III.1. Identité du lieu

En introduisant le concept de «place identity», Proshansky (1978) y identifie un ensemble référentiel complexe de relations, de comportements environnementaux, de préférences et d'attitudes vis-à-vis de l'environnement. Le concept d'identité serait inconcevable hors du système interactionnel liant activement l'individu à son environnement tant physique que social (Costalat‑Founeau, 1997). Le rapport transactionnel homme–environnement s'exprime particulièrement par le lien entretenu avec le cadre de vie. Ainsi, les interactions environnementales deviennent des éléments prépondérants à la construction de l'identité (Altman & Taylor, 1971 ; Altman, Vinsel & Brown, 1981). Tout en appuyant le rôle des interactions individuelles dans la construction de l'identité du lieu, d'autres auteurs y voient une construction collective produite et modifiée par le dialogue humain et les significations attribuées au cadre de vie (Dixon & Durheim, 2000).

Fried (1963) souligne le fait que l'environnement physique soit négligé dans l'approche de l'identité et de l'image de soi. Il considère que les sentiments de «l'identité spatiale» constituent des éléments fondamentaux au fonctionnement de l'être humain. L'identité spatiale se «base sur les souvenirs spatiaux, les images spatiales, le cadre spatial des activités et les composants implicites spatiaux de l'idéal et des aspirations» (Fried, 1963, p. 15). A l'encontre des théoriciens, Fried admet le rôle des facteurs cognitifs et affectifs dans l'attachement aux lieux. Toutefois, ses études confluent sur le thème de la maison dans le sens de «home», sur le sentiment du chez soi et plus particulièrement sur l'expérience du «chagrin» en cas de rupture relationnelle d'avec le chez soi. Dans ce contexte, il introduit la notion du «chagrin de la maison perdue» en déterminant un lien entre l'identité spatiale, le processus de socialisation et le sentiment du «chez soi». Fried décrit ainsi la perte incontrôlable du foyer qui déclenche un immense sentiment de peine. De ce fait, les individus éprouvent des sentiments de perte, d'impuissance, de colère et de dépression. Sa conception théorique de l'identité spatiale - comme un attachement émotionnel fort de l'individu à des espaces et des cadres déterminés - semble compatible avec la conception de l'identité du lieu établie par Proshansky (1983).
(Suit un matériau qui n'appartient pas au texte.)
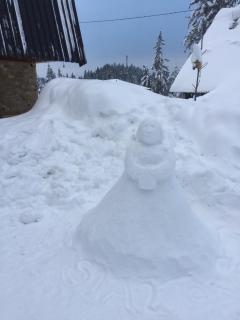Apartments Villa Deja - Jahorina - 7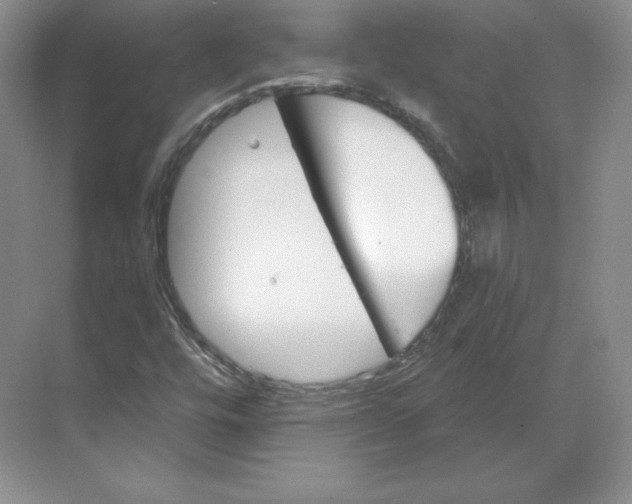 X0000068821448200605191821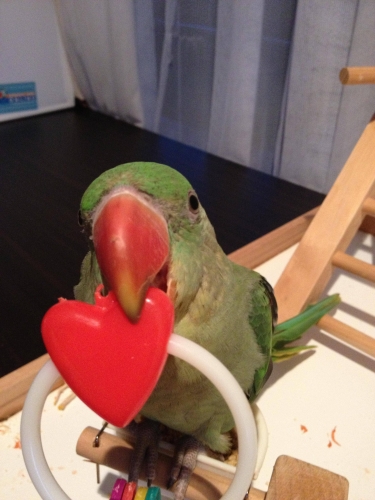 805654141_parrotwalentine.thumb.jpg.8c340bf902f6c5f62f6a5208f687cb10.jpg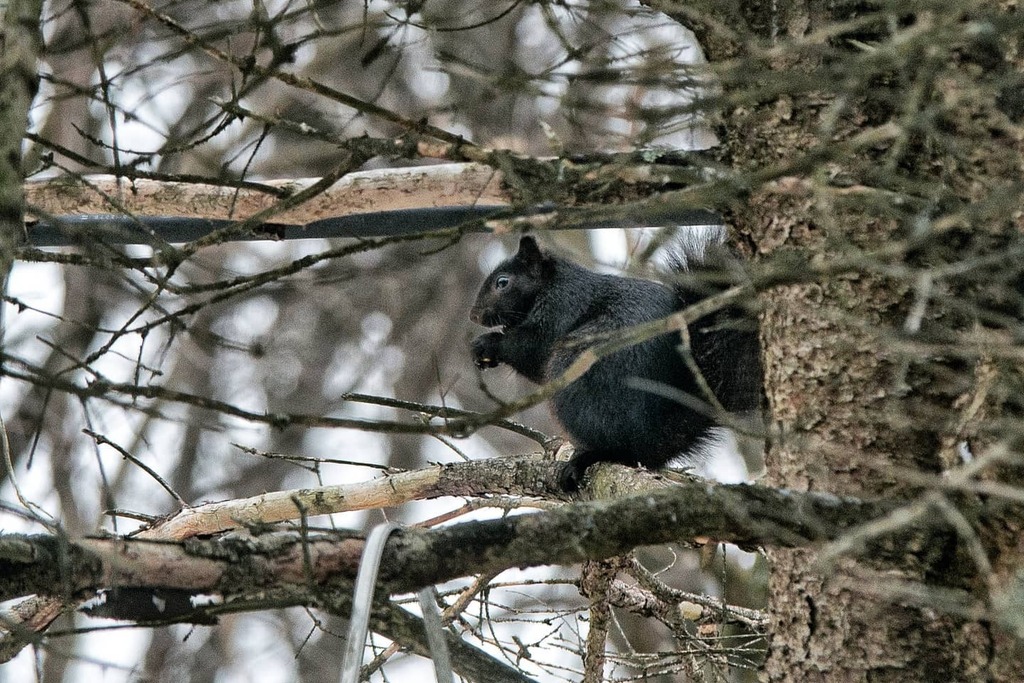 One of our sweet backyard #Squirrels

#BackyardWildlife #pure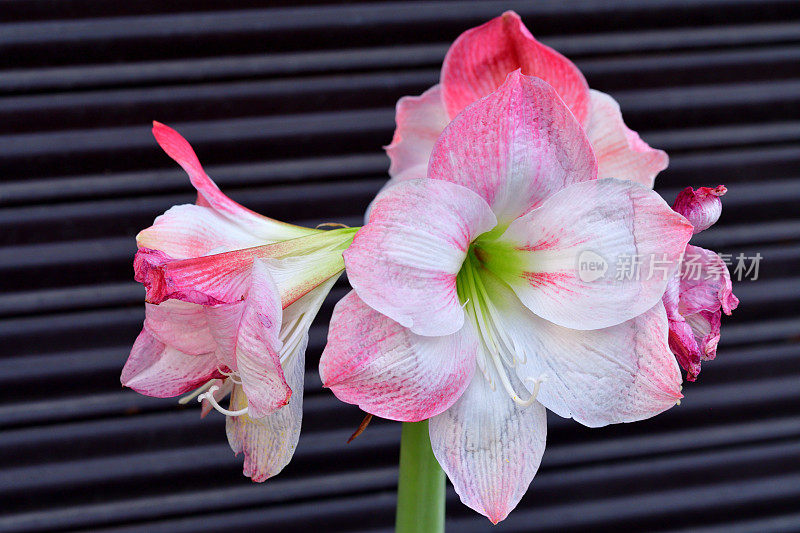 孤挺花/ Hippeastrum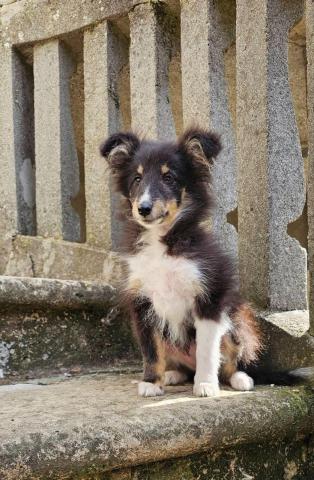 Dreifarbiges sheltie-mädchen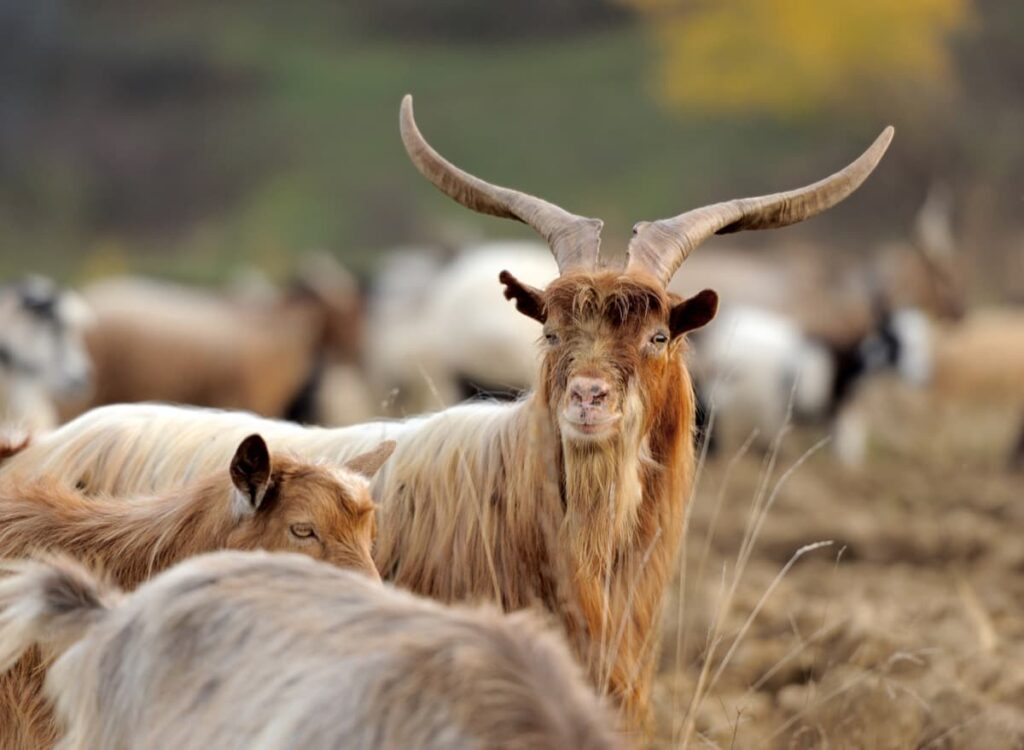Aspromonte Goat Breed1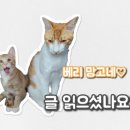 김태효탑내과의원 이미지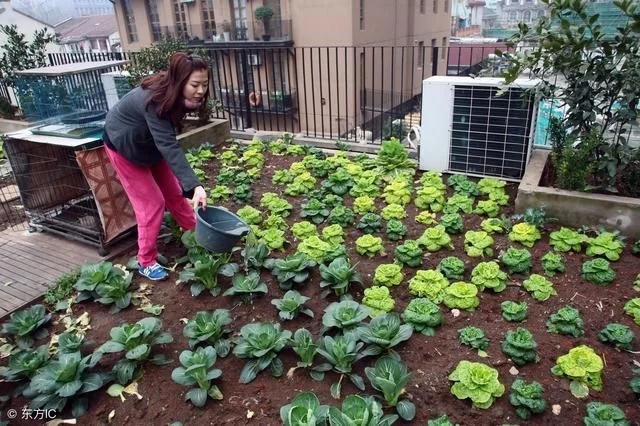 中國和德國屋頂花園發展對比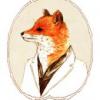 MRFox
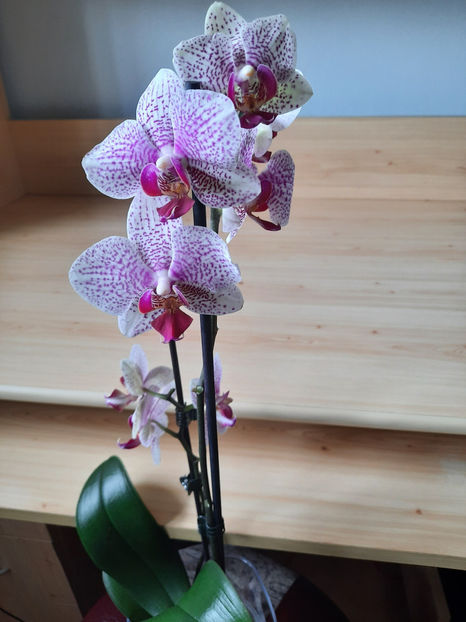  - orhidee 35 Carrefour Dej mai 2021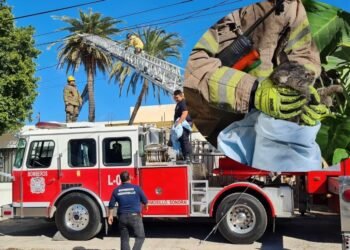 Gatita embarazada atrapada en una palmera por cuatro días, es rescatada por bomberos de Hermosillo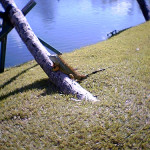 8056 – 12/26/05 bull iguana by the lake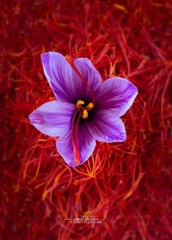 Nhụy hoa nghệ tây saffron premium negin 3g tây á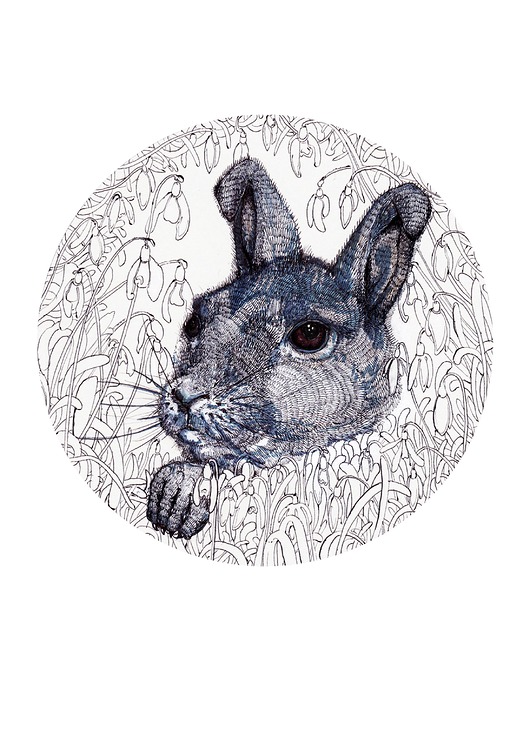 grafiki i ilustracje Królik i śnieżyczki- grafika- ilustracja- plakat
L'identité spatiale a aussi capté l'attention des géographes humains. Le foyer [home] incarne cet espace de haute portée procurant à l'être humain un sens personnel et une valeur propre. Il est susceptible de favoriser et de développer un sentiment d'enracinement (Relph, 1976). Quant à Buttimer (1980), elle incorpore la notion de chez soi dans celle de l'identité du lieu. Cette dernière est fonction du degré de centration des activités importantes, dans et autour, du foyer. L'identité du lieu s'enracine dans la mesure où les espaces et les places deviennent l'objet des pensées, des évocations et des discussions (Tuan , 1980).